### Required action
From the data below, repeat everything exactly except the images.

• • • • • • •

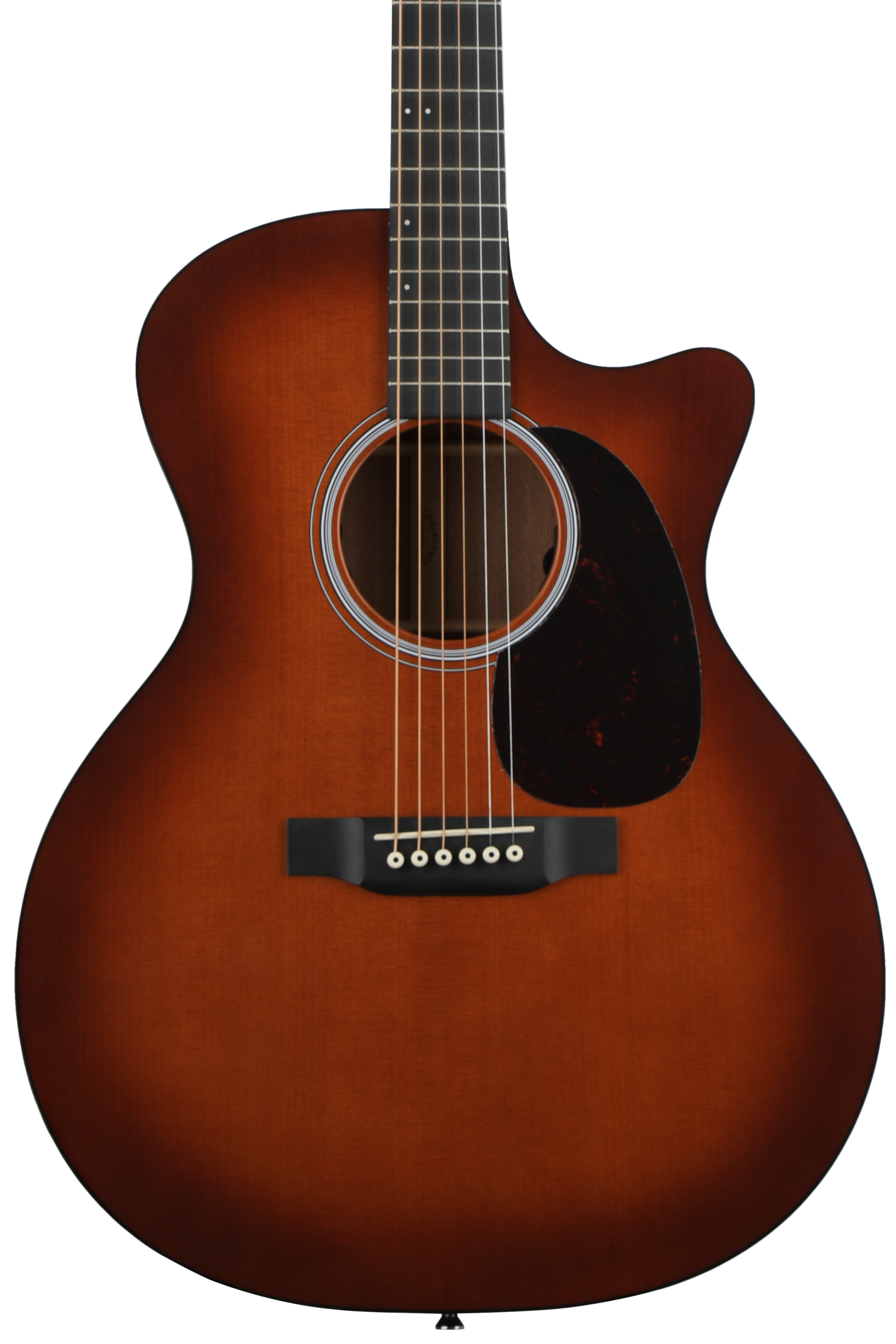 Martin GPCPA4 ジャンク Martin GPCPA4 Shaded - Sunburst | Sweetwater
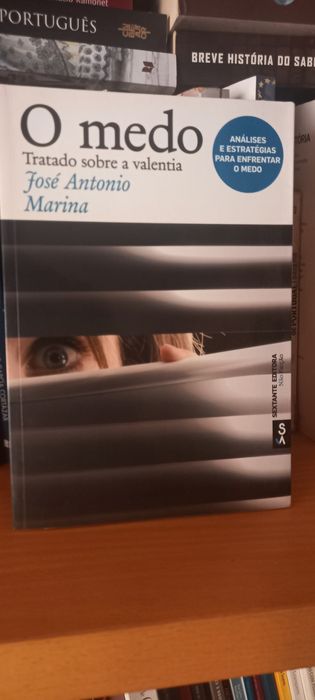 O Medo  - Tratado sobre a Valentia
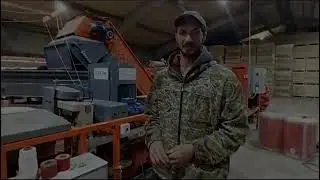 Фасовочно-упаковочный комплекс АБС-1: ООО "АгроПромХолдинг" о сотрудничестве с "Агро Прогресс"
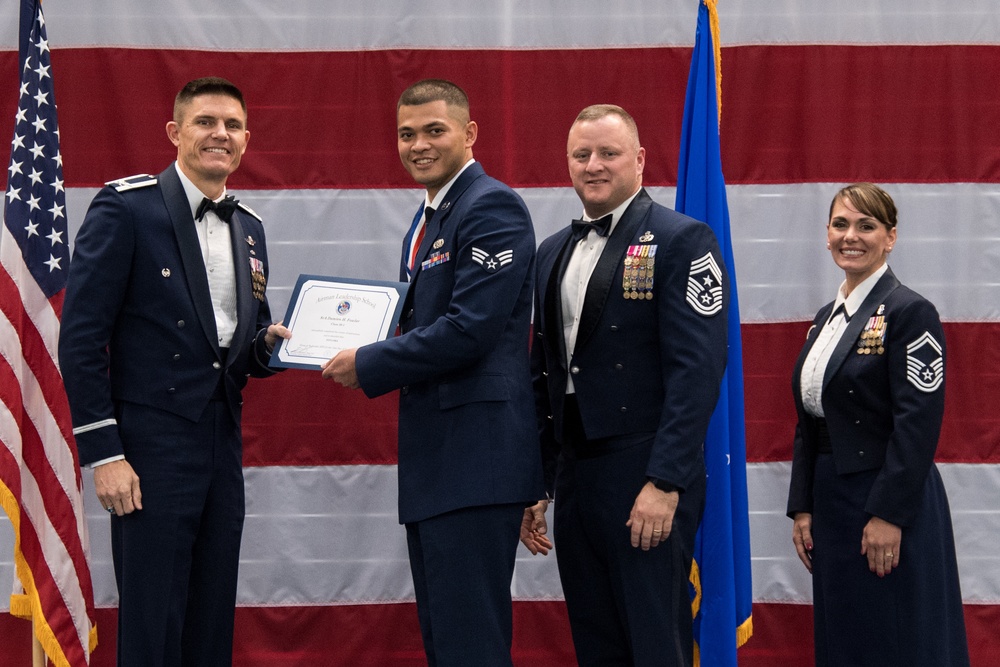 ALS Class 20-1 graduation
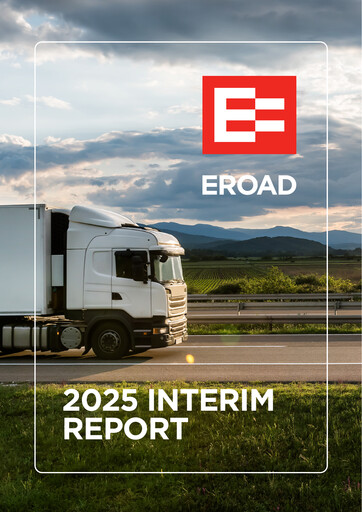Thumbnail EROAD Limited Half-year Report 2025-h1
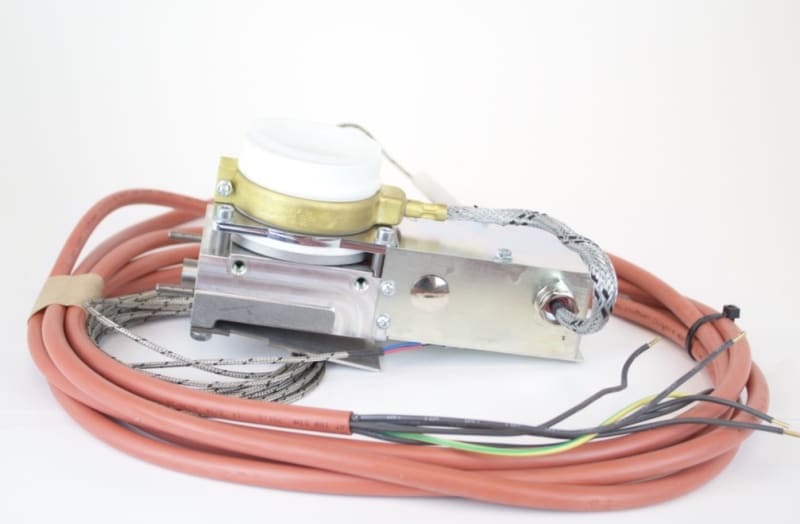 HEATER BL.INS. CPL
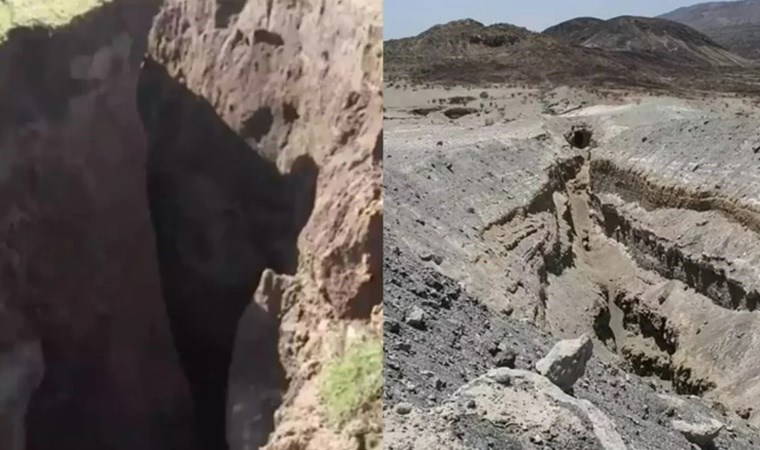 Afrika parçalanıyor, yeni bir kıta ortaya çıkıyor!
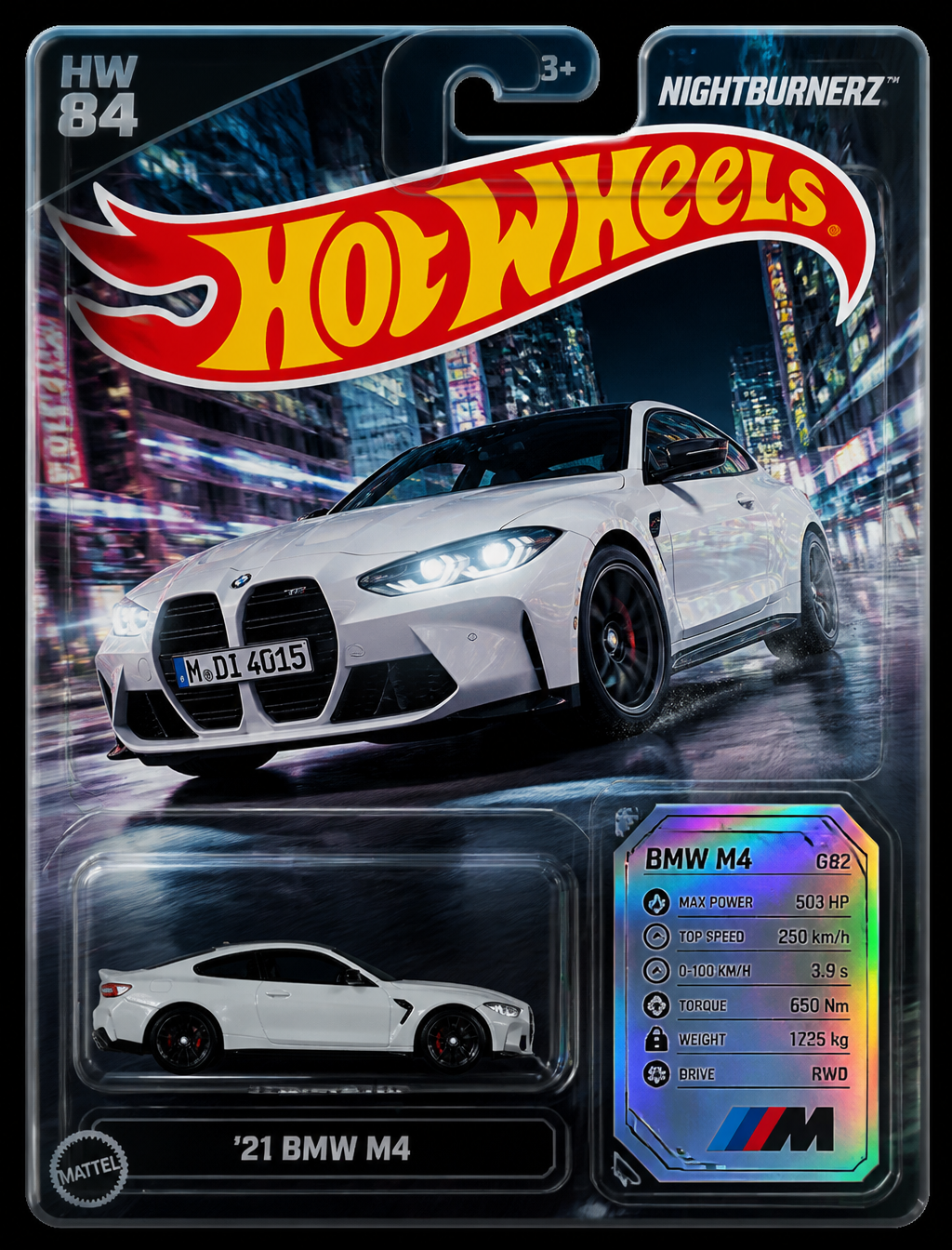 Collectible Vehicle Brand Transformation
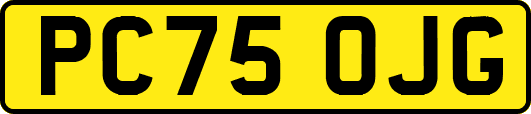 PC75OJG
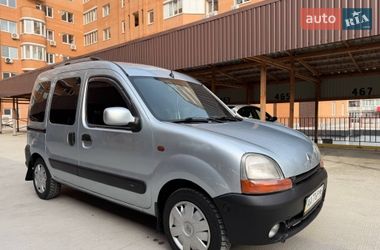 Мінівен Renault Kangoo 2003 в Білій Церкві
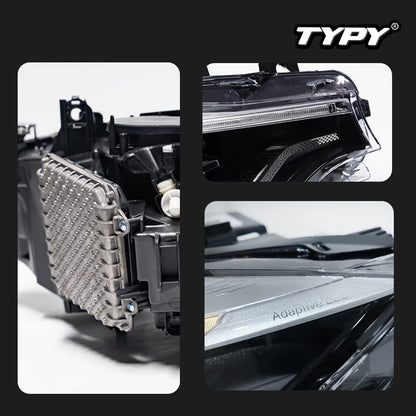 TYPY LED headlights for BMW 4 Series F32, F36 and M4 F82, view 5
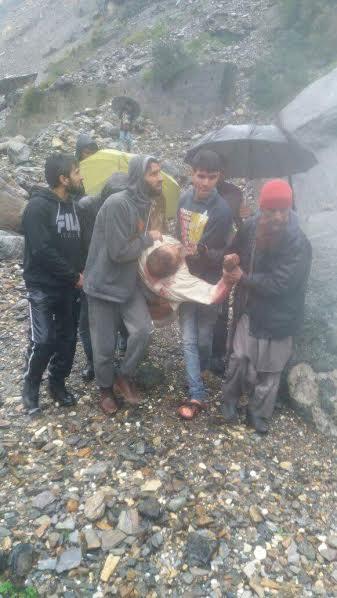 Four die, three missing in Ramban accident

• • • • • • •

### Task output
 Martin GPCPA4 ジャンク Martin GPCPA4 Shaded - Sunburst | Sweetwater
 O Medo  - Tratado sobre a Valentia
 Фасовочно-упаковочный комплекс АБС-1: ООО "АгроПромХолдинг" о сотрудничестве с "Агро Прогресс"
 ALS Class 20-1 graduation
Thumbnail EROAD Limited Half-year Report 2025-h1
 HEATER BL.INS. CPL
 Afrika parçalanıyor, yeni bir kıta ortaya çıkıyor!
 Collectible Vehicle Brand Transformation
 PC75OJG
 Мінівен Renault Kangoo 2003 в Білій Церкві
 TYPY LED headlights for BMW 4 Series F32, F36 and M4 F82, view 5
 Four die, three missing in Ramban accident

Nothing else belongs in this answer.